[Records drawn from a dataset]
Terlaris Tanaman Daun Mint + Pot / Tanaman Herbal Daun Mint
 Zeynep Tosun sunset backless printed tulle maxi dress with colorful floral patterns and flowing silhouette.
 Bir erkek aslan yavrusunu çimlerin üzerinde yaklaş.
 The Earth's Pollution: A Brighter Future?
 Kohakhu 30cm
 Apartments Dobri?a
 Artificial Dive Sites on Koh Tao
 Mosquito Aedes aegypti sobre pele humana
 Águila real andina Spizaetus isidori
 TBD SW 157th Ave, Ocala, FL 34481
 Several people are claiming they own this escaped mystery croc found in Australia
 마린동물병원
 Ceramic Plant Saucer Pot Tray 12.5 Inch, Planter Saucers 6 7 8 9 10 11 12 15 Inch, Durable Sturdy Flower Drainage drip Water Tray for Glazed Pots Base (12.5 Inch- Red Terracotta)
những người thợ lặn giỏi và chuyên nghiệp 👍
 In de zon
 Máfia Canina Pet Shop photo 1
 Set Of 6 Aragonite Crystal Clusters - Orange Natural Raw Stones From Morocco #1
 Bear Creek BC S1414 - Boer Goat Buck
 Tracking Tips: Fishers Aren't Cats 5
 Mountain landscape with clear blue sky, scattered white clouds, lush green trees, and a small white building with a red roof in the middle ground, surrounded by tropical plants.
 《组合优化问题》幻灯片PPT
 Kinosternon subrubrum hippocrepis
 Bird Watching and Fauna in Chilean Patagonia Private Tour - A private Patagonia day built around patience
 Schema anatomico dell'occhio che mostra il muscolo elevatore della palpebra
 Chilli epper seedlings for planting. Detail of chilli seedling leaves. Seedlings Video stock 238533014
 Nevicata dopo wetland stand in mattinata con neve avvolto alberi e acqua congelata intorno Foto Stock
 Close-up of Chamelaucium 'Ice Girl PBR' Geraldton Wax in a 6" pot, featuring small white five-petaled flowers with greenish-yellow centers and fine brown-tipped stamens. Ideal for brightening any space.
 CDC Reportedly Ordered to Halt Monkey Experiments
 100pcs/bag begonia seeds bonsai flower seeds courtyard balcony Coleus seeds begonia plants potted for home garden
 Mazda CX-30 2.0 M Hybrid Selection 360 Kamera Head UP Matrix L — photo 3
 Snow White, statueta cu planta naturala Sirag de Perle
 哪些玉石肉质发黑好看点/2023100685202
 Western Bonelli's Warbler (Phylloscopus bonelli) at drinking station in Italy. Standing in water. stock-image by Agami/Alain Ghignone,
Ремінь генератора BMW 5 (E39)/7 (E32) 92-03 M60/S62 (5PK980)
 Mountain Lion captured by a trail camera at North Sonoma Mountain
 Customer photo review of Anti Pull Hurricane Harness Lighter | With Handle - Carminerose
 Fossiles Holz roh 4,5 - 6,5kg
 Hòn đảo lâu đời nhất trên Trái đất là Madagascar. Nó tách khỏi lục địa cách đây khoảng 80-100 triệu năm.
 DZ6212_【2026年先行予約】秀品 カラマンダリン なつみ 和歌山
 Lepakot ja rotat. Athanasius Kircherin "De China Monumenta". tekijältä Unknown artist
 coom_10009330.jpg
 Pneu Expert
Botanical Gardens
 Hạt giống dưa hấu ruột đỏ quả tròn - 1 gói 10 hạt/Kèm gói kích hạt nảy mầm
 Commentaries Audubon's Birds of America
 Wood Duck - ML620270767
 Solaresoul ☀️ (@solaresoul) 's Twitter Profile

(EXERCISE DESCRIPTION): Your task is to gather all lines from the entries above that hold the word "Mountain".

(OUTPUT OF THE TASK):
 Mountain landscape with clear blue sky, scattered white clouds, lush green trees, and a small white building with a red roof in the middle ground, surrounded by tropical plants.
 Mountain Lion captured by a trail camera at North Sonoma Mountain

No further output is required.